Coffin For Head of State
The first half of “Coffin For Head Of State” deals, via a metaphorical journey, with the harmful impact of Islam and Christianity on Nigeria. The second half describes a real journey: a protest march Fela made, accompanied by his family and members of the Young African Pioneers, on head of state General Obasanjo’s residence at Dodan army barracks on 30 September 1979, the day before Obasanjo retired from the Nigerian presidency. The purpose of the march was to shame Obasanjo for causing Fela’s mother’s death (her health steadily declined after being thrown out of a second-floor window by soldiers during the army’s 1977 attack on Kalakuta Republic). The protesters deposited a symbolic coffin outside Obasanjo’s house. On leaving the barracks, Fela and the other mourners were attacked and ferociously beaten by soldiers. Originally released by Kalakuta.

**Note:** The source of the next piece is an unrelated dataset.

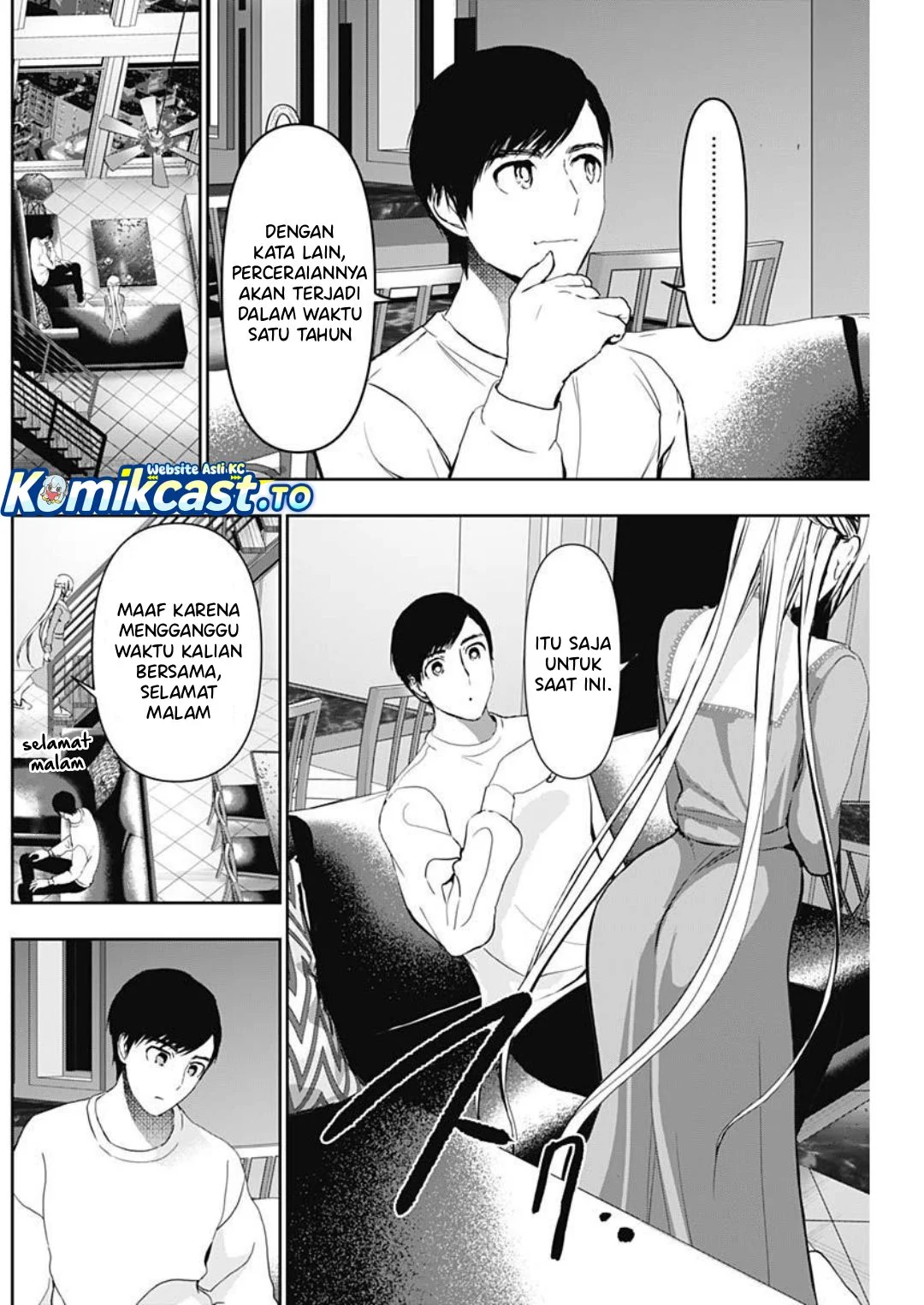 Batsu Harem Chapter 135 Gambar 8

The title track examines the 1977 attack on Kalakuta Republic through the prism of the official enquiry which declared the army institutionally innocent of burning down the buildings in the compound. An “unknown soldier” was blamed, when all the evidence - including the army’s obstruction of the fire brigade, and the presence of senior officers - pointed to a pre-planned, co-ordinated attack. “…Them dey break, yes, them dey steal, yes, them dey loot, yes, them dey fuck some of the women by force, yes, them dey rape, yes, them dey burn, yes, them commot one student's eye, yes, them break some some head, them throw my mama, seventy-eight-year-old mama, political mama, ideological mama, influential mama, them throw my mama out from window, them kill my mama….” Finally, Fela observes, “government magic” veils the government’s violence against its citizens. Originally released by Phonodisk Skylark.